Lo stile di governo Le dichiarazioni sui migranti e sulla sicurezza, le promesse sullo sviluppo, il lavoro e gli investimenti: l’esecutivo continua a vendere promesse 

Maurizio Ferrera

La vicenda della nave Diciotti ha indotto il governo a misurarsi con il grande tema della «responsabilità». La magistratura ha chiesto al Parlamento di rendere formalmente imputabile il ministro Salvini per eventuali reati personali. Il premier Conte ha deciso di spostare la discussione dal piano giuridico a quello politico. Mi assumo io la responsabilità, ha sostanzialmente detto. Le scelte sul caso Diciotti sono state condivise dall’intero governo e hanno risposto a gravi minacce pubbliche, ha aggiunto. Per ora non c’è evidenza che comprovi le affermazioni del governo: bisogna aspettare le carte. Sin d’ora è però utile riflettere su alcune implicazioni generali di questo specifico episodio.

Quello di responsabilità politica è un concetto impegnativo. In democrazia, chi governa deve tener in conto gli interessi degli elettori (in particolare i propri) ed è principalmente a loro che deve dare conto delle proprie scelte. Il tutto, ovviamente, nel rispetto dei vincoli dello stato di diritto. Ma non c’è solo la responsabilità elettorale. L’azione di governo deve poggiare su alcuni elementi essenziali: competenza, capacità di diagnosticare correttamente i problemi, di rispondere a sfide improvvise e soprattutto di salvaguardare le condizioni che consentono al sistema-Paese di crescere in un contesto di stabilità sociale e politica.

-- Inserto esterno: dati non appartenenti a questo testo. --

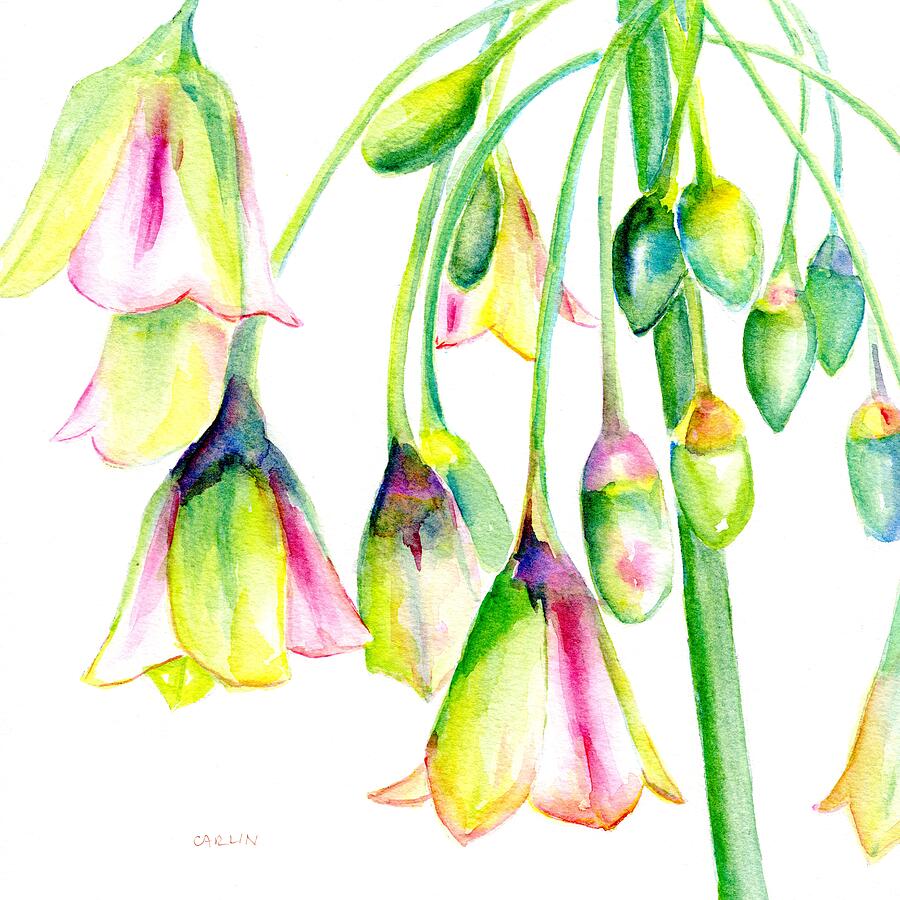 Allium Summer Bells  Painting by Carlin Blahnik CarlinArtWatercolor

Prendiamo un momento per buona la giustificazione offerta da Conte sul blocco degli sbarchi: minacce alla sicurezza.

Ma minacce simili non provengono anche dalla disastrosa gestione delle strutture in cui vengono parcheggiati i migranti già sbarcati? Molti di loro fuggono e si riversano sulle strade come clandestini. Un fenomeno che si aggraverà con le restrizioni del decreto Salvini. Perché il governo non si fa carico anche di queste sfide?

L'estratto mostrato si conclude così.